But back to hypocrisy. MPs are office-holders. Such people are taxed in the same way as employees. I set out later what that is. Office-holders in general, I mean, of course, not MPs. Because in 1984 the then Chancellor, Nigel Lawson, decided to exempt from tax completely the “overnight expenses allowances” of MPs. Overnight expense allowance is defined as “an allowance expressed to be in respect of additional expenses necessarily incurred by the Member in staying overnight away from the Member’s only or main residence, for the purpose of performing parliamentary duties (a) in the London area or (b) in the Member’s constituency” (s 292, ITEPA 2003).

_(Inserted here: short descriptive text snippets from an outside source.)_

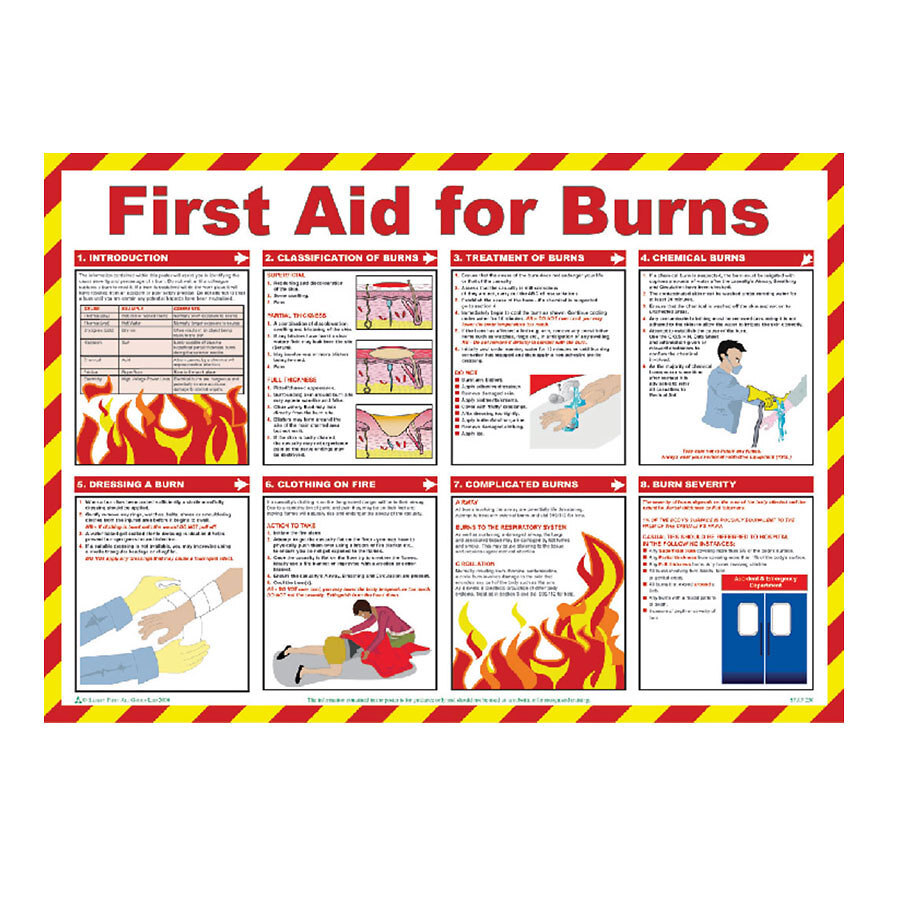Mileta First Aid For Burns Poster Encapsulated 42x59cm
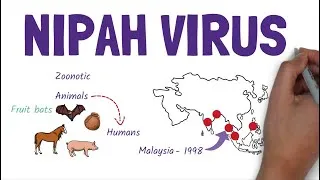 Thumbnail: What Is Nipah Virus? Should we be concerned?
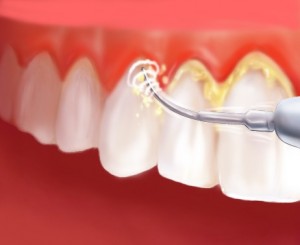 آیا جرم گیری برای دندان مضر است ؟
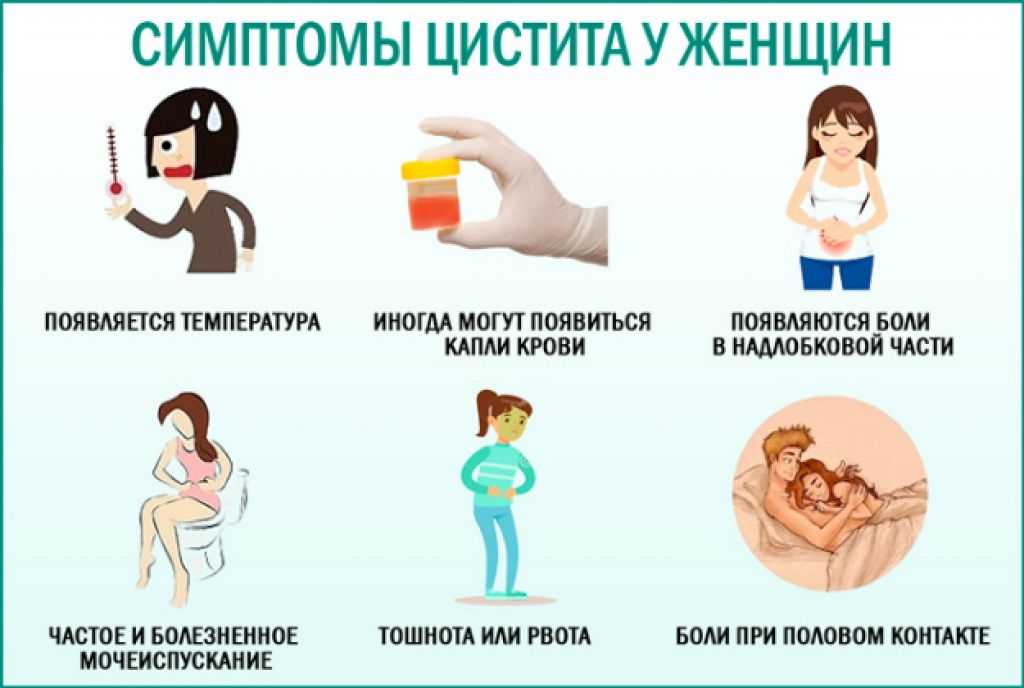 Цистит после секса у женщин симптомы и лечение. посткоитальный цистит.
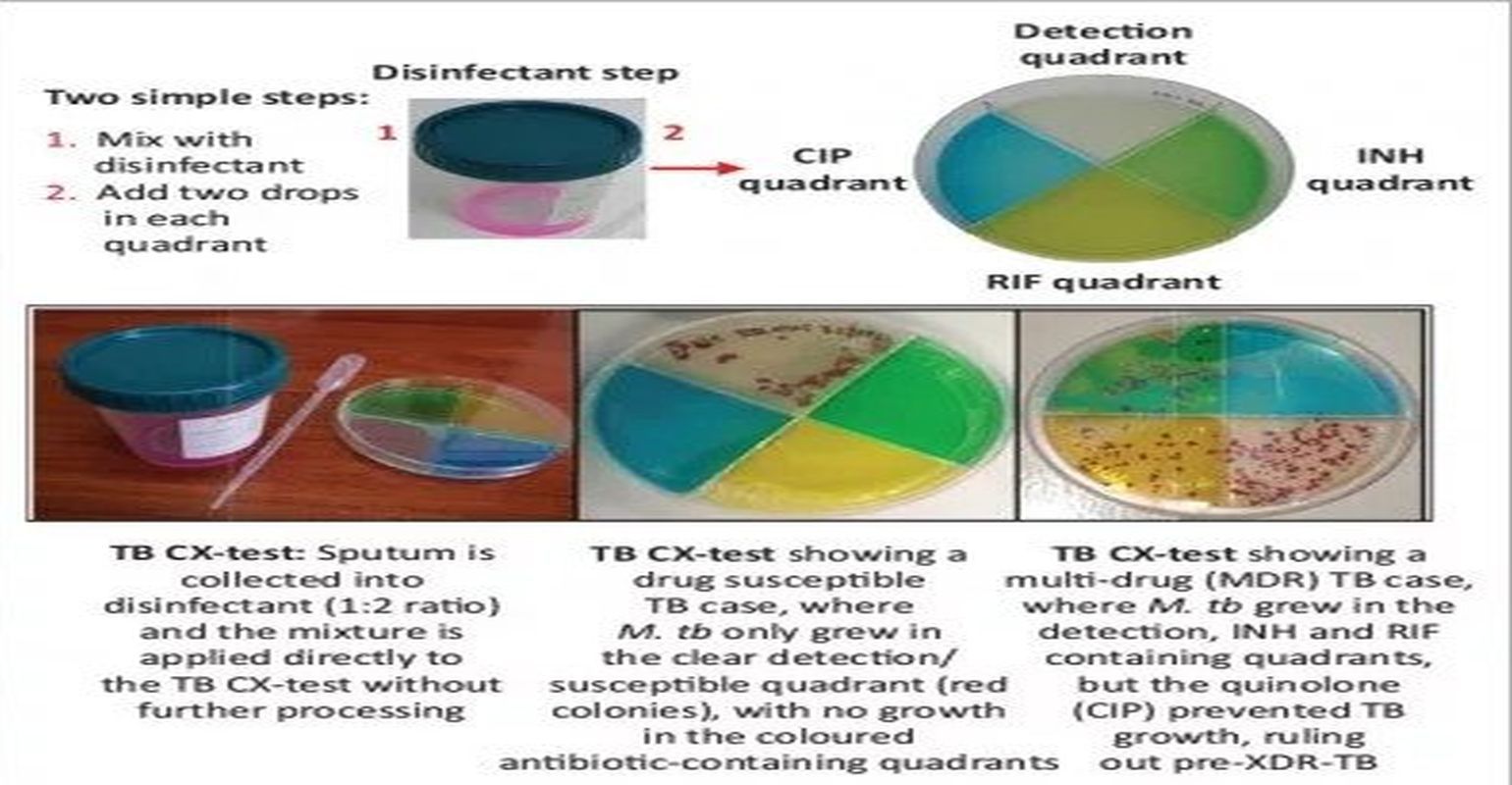 Tb Testing Simulation Lab Inexpensive TB Test Holds Promise for Low-Income Countries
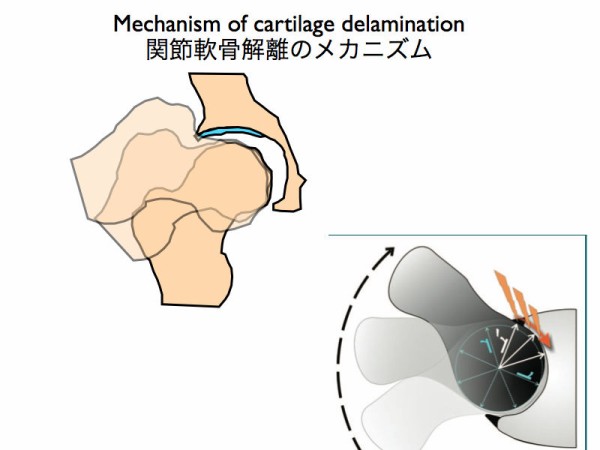 股関節内の寛骨臼側の関節軟骨解離のmr検査の読影 Delaminationの通称 スポーツ整形外科医s Uのブログ Sports Physician S U Blog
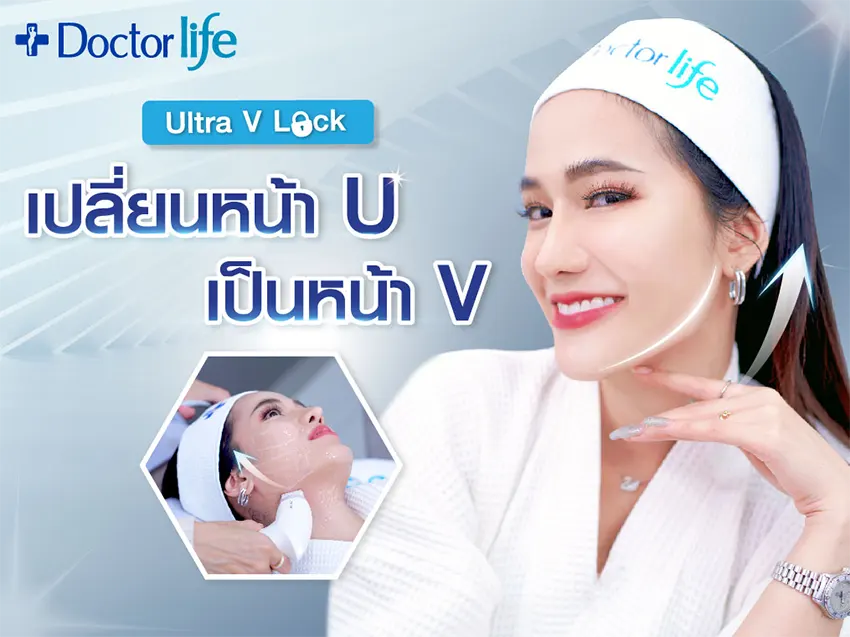 Ultra V Lock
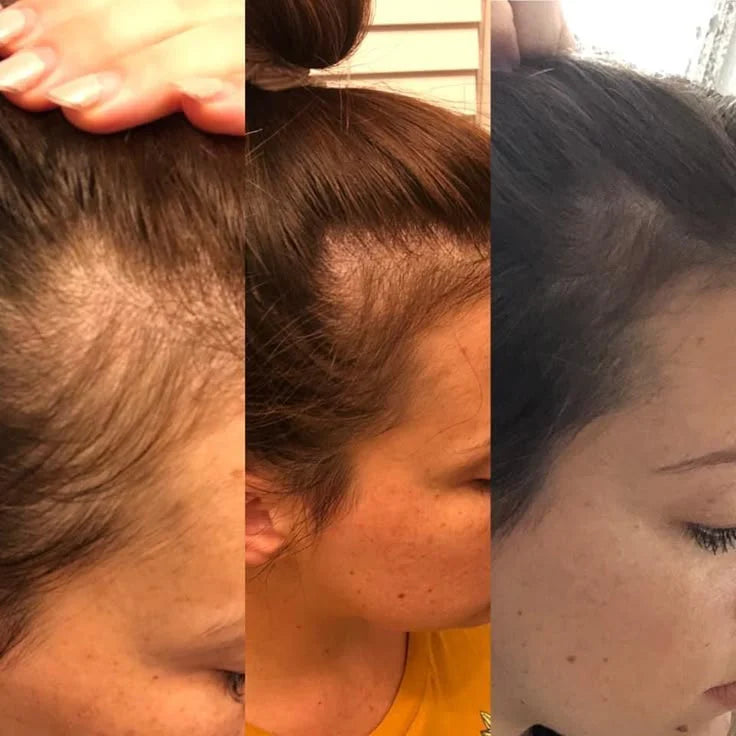 Aceite de Batana 100% Puro – Nutre, Fortalece y Estimula el Crecimiento del Cabello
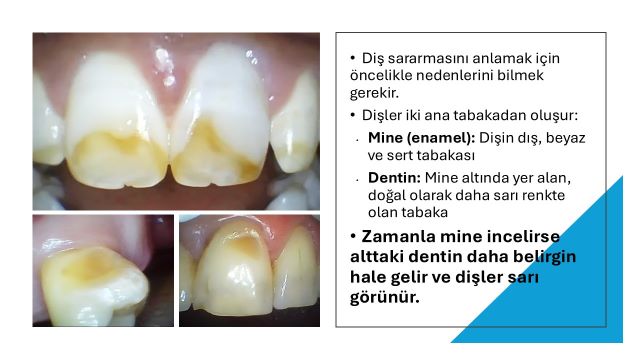 yaş ilerledikçe dişlerde oluşan sararmanın nedenleri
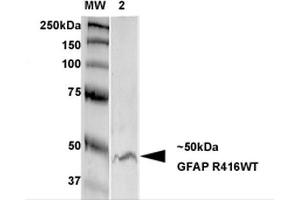 Western Blot analysis of Rat Brain Membrane showing detection of GFAP protein using Mouse Anti-GFAP Monoclonal Antibody, Clone S206B-9 . (GFAP 抗体  (AA 411-422) (Biotin))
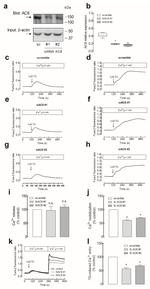 Adenylate Cyclase 8 Antibody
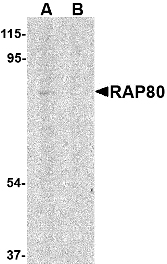 UIMC1 / RAP80 Antibody - Immunohistochemistry of RAP80 in human spleen tissue with RAP80 antibody at 2.5 µg/ml.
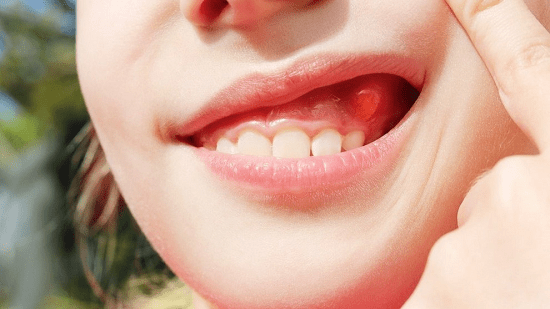 Nướu răng nổi cục thịt không đau là gì?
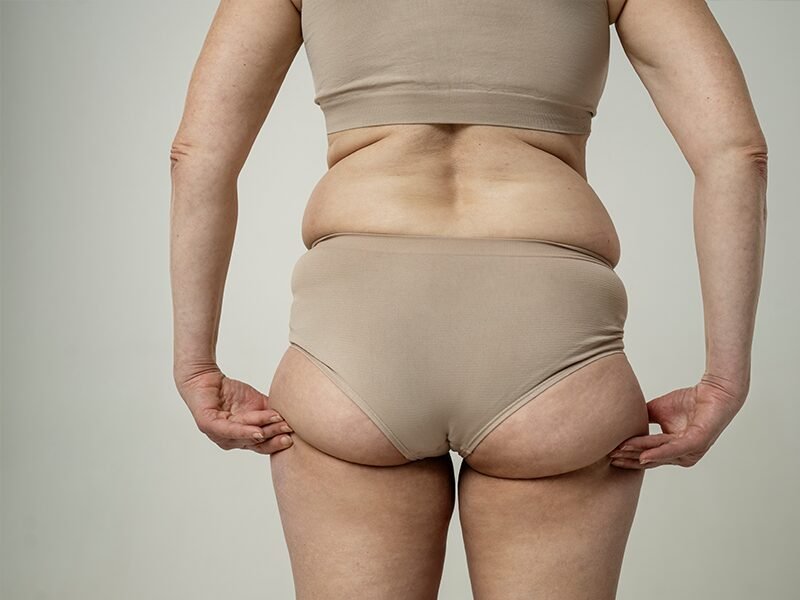 ba-lr22 buttock stubborn fat removal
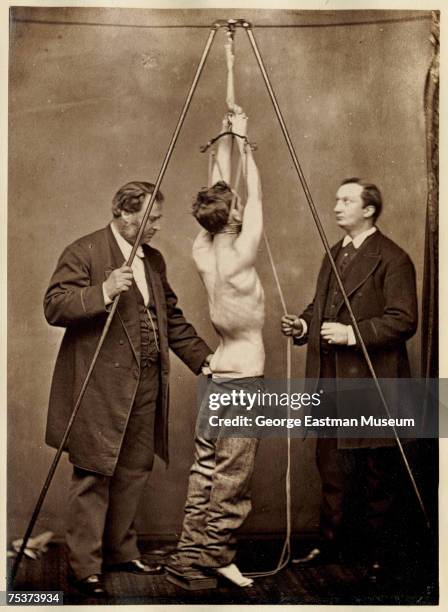 American orthopedic surgeon Lewis Albert Sayre supervises the suspension of a male patient, with help from another unidentified man, as part of a...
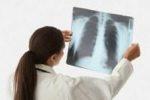 На риск возникновения рака легких влияют хронический бронхит, эмфизема легких и пневмония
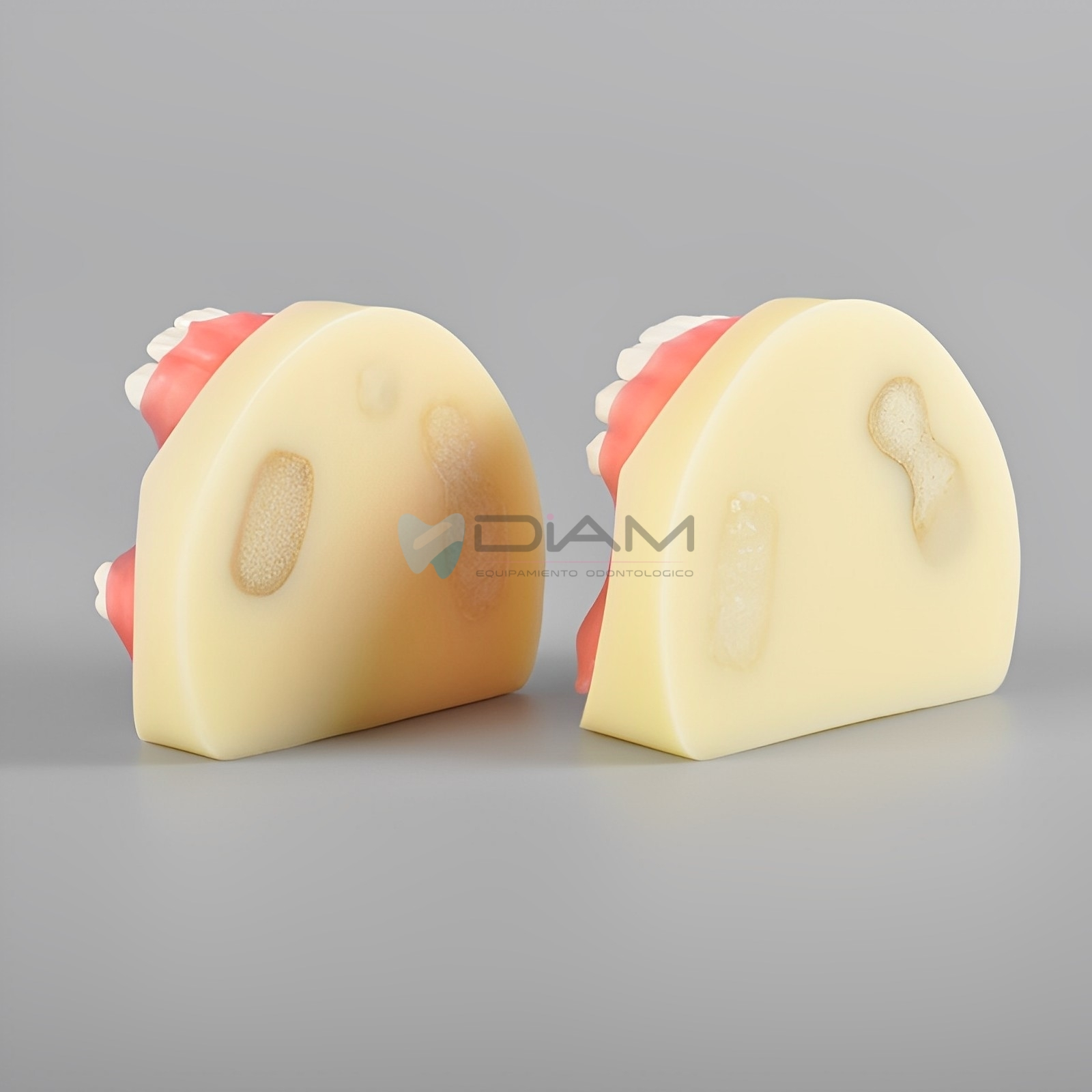 Modelo de práctica anatómico especializado para la práctica de implantes dentales - Imagen 2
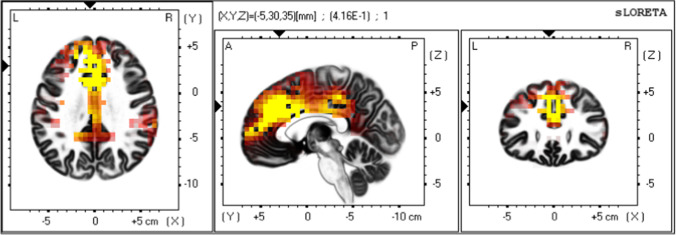 Fig. 4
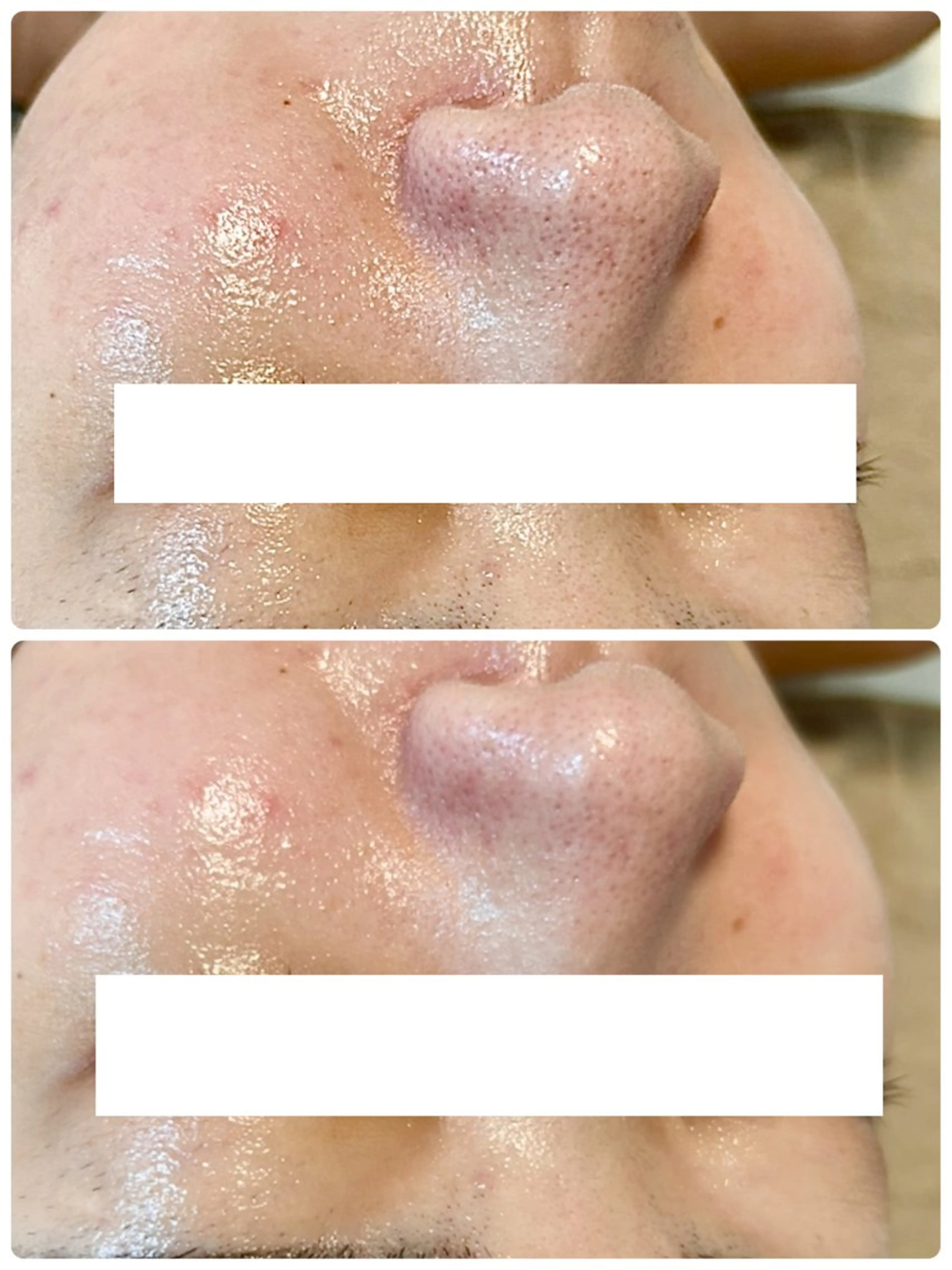 脱毛 Beauty salon Wish所属・脱毛🌈肌質改善🌈 Wishのエステ・リラクイメージ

There are some interesting points here. The first is “necessarily incurred”. That is a well interpreted phrase in tax law. It means an expense that would have to be incurred by each and every holder of the office, even one who lives next door to the Houses of Parliament. The second is “overnight expense”. This does not have its normal day-to-day meaning. It has been defined by parliament to mean “rent or mortgage interest, hotel expenses, utilities and communications charges, furnishings, maintenance, service agreements, cleaning and insurance and subsistence”. The third is “for the purpose of performing parliamentary duties”. In 1984 parliament sat from 12.00 until it finished business, often late into the night when transport home was not available. However Tony Blair changed that. It now seems normal to sit from 11.30am to around 5.00 or 6.00pm. Accordingly it is hard to see how it can any longer be “necessary” for an MP to stay in London overnight for the purpose of performing parliamentary duties.

I live in Brent North, about 12 miles from Westminster, or around 30 minutes by tube. The first train leaves at 5.35am and the last train back leaves Westminster at 00.31. Accordingly I cannot see any possible way that my MP can “necessarily” need to stay in London overnight to perform his parliamentary duties. Like me, most of the residents of Brent North work in London. We have no difficulty in commuting back and forth each day. Yet in 2007/08 my MP claimed overnight expense allowances of £15,079 (roughly 65% of the maximum overnight expenses allowance of £23,083). If you are wondering what your MP got you can find out at www.parliament.uk/documents/upload/HoCallowances07/08.pdf.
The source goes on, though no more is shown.